Was Friday's dollar rally a sign that the economic illogic of the past months and the dollar risk trade is coming to an end? Or was it only some seasonal profit taking? Three connected markets, currencies, gold and Treasuries, had significant price reversals after the jobs release. Each market moved in the direction that associates an expanding US economy with higher interest rates and a stronger dollar.
In the currencies the dollar index gained 1.7%, the yen depreciated 3.1% against the dollar, more than in any single session since last October, and the euro dropped more than two hundred and fifty points. Gold fell $79 from its record high of the day before and Treasuries sank farther than any day since the summer. The Dow gave back most of its 150 point gain after reaching a new high for 2009.
The Employment Situation Report from the Bureau of Labor Statistics (BLS) was an unexpected dose of positive news. Payrolls shrank by 11,000 in November, far less than the 125,000 most economists expected. It was the best reading in over two years. The unemployment rate improved 0.2%, to 10.0%, equally unpredicted. The 11,000 reduction in payrolls was small enough so that the BLS officially considered the payrolls unchanged for the month. The American economy may well have produced jobs in November when the revisions are calculated next month.
For many currency traders Non Farm Payrolls (NFP) was a simple indicator to convert year end profit.
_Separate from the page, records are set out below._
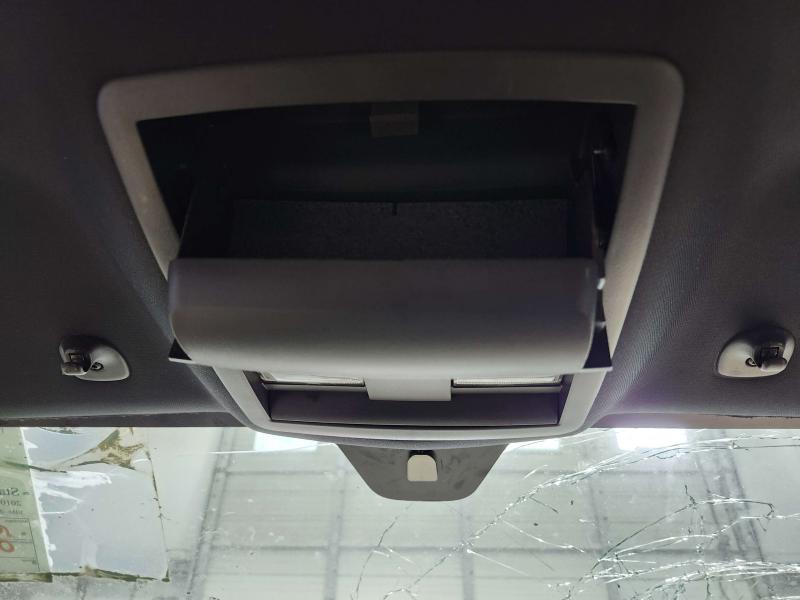2010 Dodge Challenger Front Console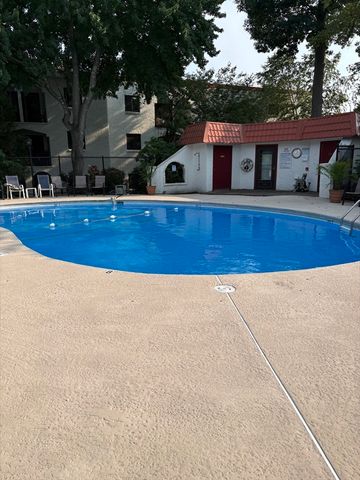 210 Fellsview Terrace 212, Stoneham, MA 02180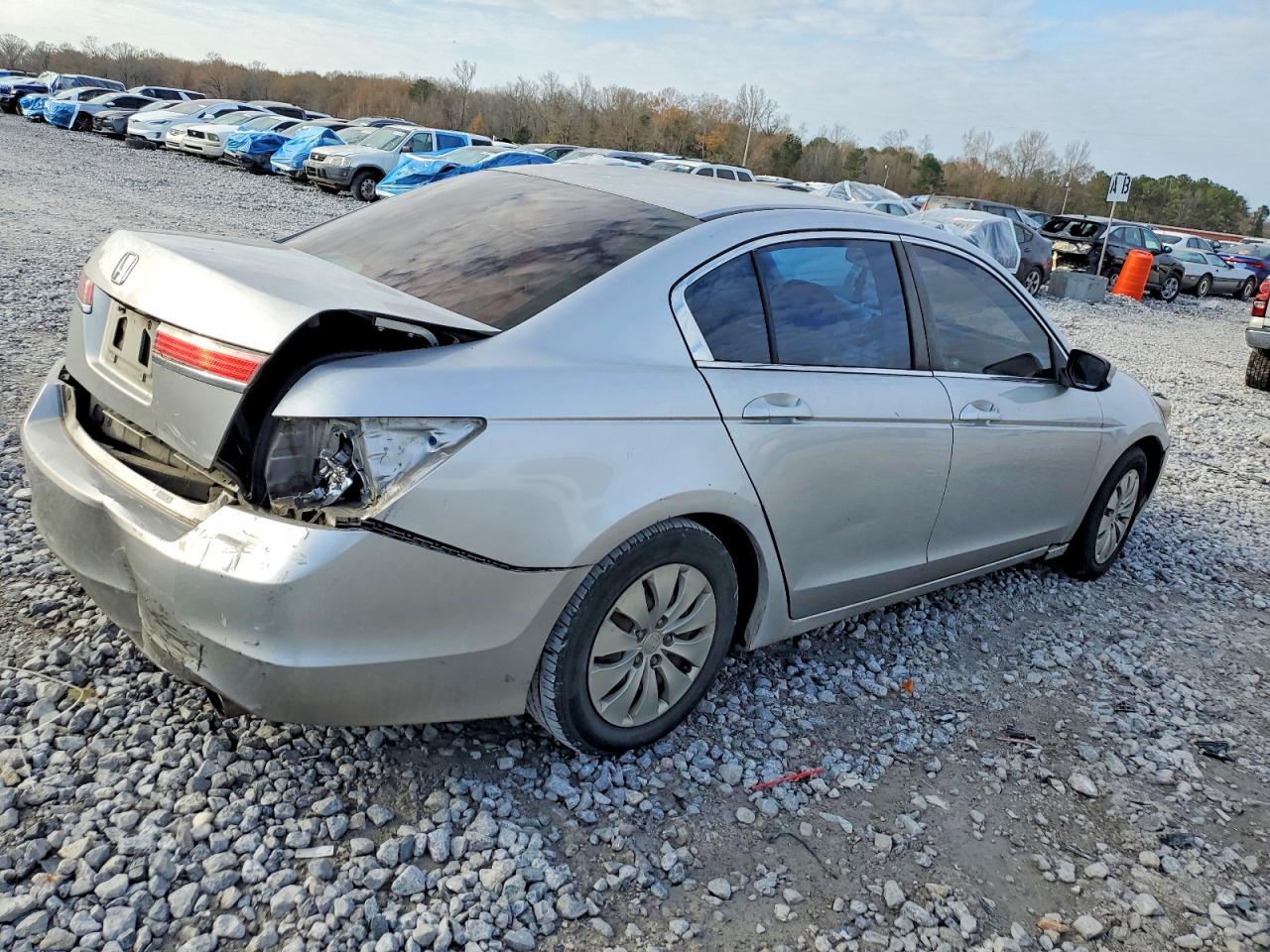 2011 HONDA ACCORD LX photo 3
But if the United States economy really is in rehabilitation and markets are beginning to reassert traditional economic and interest rate linkages then the price directions established Friday should continue. The dollar would not remain wedded to the risk trade, gold (and commodities) will lose much of their trading luster, Treasury prices will decline further and US interest rate will climb. A higher dollar, lower Treasuries and lower gold are rational and historical reactions to an improving economy.
For the past ten months the anomaly has been dollar. Since March the currency markets have been selling the greenback whenever risk falls and rewarding the dollar when risk rises. This has produced the odd and illogical equation of poor US economic results generating a strong dollar and the reverse.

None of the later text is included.